第13章 戻らないプラーチド【東京第2結界】


「巻き込んで すまない」

「いえ。いつも守ってもらってましたから」

「だが……津美紀を守りきれなかったのも事実だ」


 ――津美紀には元々 僕と姉さんで何重にも守護をかけてある。


 ――眠った津美紀がそれを消費した痕跡はなかった。


 あれは、あくまで呪霊や呪術などの呪力による“外的攻撃”に対して発動する守護だった。

 もし、無理やり押さえつけられ、呪物を経口摂取させられたら……おそらく、発動しない。そこまで想定していなかった。
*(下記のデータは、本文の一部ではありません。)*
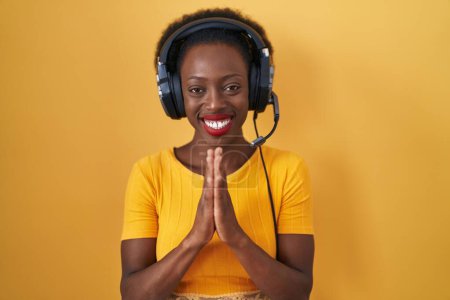 Photo for African woman with curly hair standing over yellow background wearing headphones praying with hands together asking for forgiveness smiling confident. - Royalty Free Image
 解呪が効かなかったのも、【呪い】ではなかったからだと考えれば……辻褄は合う。


 いや……まだ決まったわけではない。決まったわけでは――……。


 袖口に隠した札を握る手に力がこもった。

「詞織と恵は、【死滅回游】を平定させるために動いてる」

「まさか、二人とも無茶してるんじゃ……」

「そうだろうね。津美紀を助けると息巻いていたから。でも、心配しなくていい。二人とも強くなった。怪我をしない約束はできないけど、そう簡単にやられはしないよ」

「……だったら いいんですけど……」

 心配そうな表情をする彼女に、星也は続ける。